One additional individual did not participate because she experienced consistent colour and texture but no experiences of shape and location. Thus, seven individuals
with consistent colour and non-colour synaesthetic experiences (two CCI-779 ic50 males; mean age (±SD): 32.7 ± 11.6 years; range: 21–50 years) participated in the subsequent assessments and experiments. They reported vivid visual experiences in response to auditory stimuli (voices, music, and ambient sounds). These visual experiences predominately resembled simple geometric objects (e.g., cube, sphere, or wavy line), and changes in auditory characteristics (pitch, timbre, and melody) altered the described hue, brightness, shape, and spatial location. All reported also seeing colours induced by graphemes. Five of them had musical training (one is a professional musician), but none reported having perfect pitch.1 All seven synaesthetes were right-handed. We also tested seven sex-, age-, and handedness-matched non-synaesthetic controls (mean age (±SD): 32.5 ± 12.2 years; range: 21–50 years) for comparison in the main experiments. As controls do not have any kind of synaesthesia (criteria for inclusion in the control group), they did not participate in the
subjective session. Four of the controls had music training selleck chemicals (none had perfect pitch). The auditory stimuli comprised 30 different instrument sounds, each of 2 sec duration. All sound clips were 16-bit stereo files at the sampling frequency of 44.1 kHz and 65 dB. The 30 sounds consisted of 10 flute notes, 10 piano notes, and 10 violin notes.

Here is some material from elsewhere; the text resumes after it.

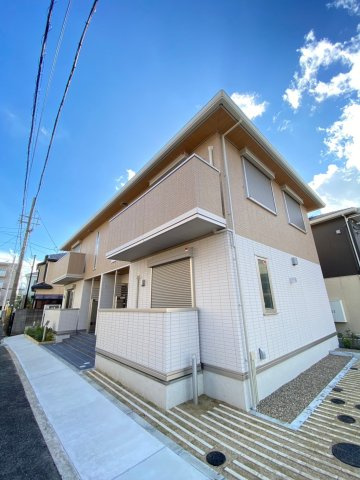 レーヴ　ド　ドゥ芦屋の外観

The instrument notes were computer-synthesised, matched for frequency of the fundamental, and consisted of notes from C1 (33 Hz) up to Eb6 (1245 Hz), separated by intervals of musical fifths (i.e., 700 cents). Thus, the following notes were used: C1, G1, D2, A2, E3, B3, F#4, Db5, Ab5, and Eb6. We mapped out the characteristics DNA ligase of responses to instrument sounds to see whether they varied systematically with timbre and pitch and whether there was any coherent pattern across synaesthetes. We also used the images generated in this session to construct stimuli to assess the specificity of the synaesthetic experiences and for our experimental manipulations. We presented 60 sounds (30 different notes × two repetitions) in a randomised order. After listening to each sound, the synaesthetes were asked to select their synaesthetic colour using the graphics software Gimp (http://www.gimp.org). If their synaesthetic percepts involved more than one colour or visual features other than colour, we asked them to draw their synaesthetic image using Gimp or pastels. We also asked them to provide as much additional description as possible. After drawing their synaesthetic experience for each sound, they were asked to rate how well their image matched their synaesthesia on a five-point scale, with ‘one’ being ‘poor match’ and ‘five’ being ‘perfect match’.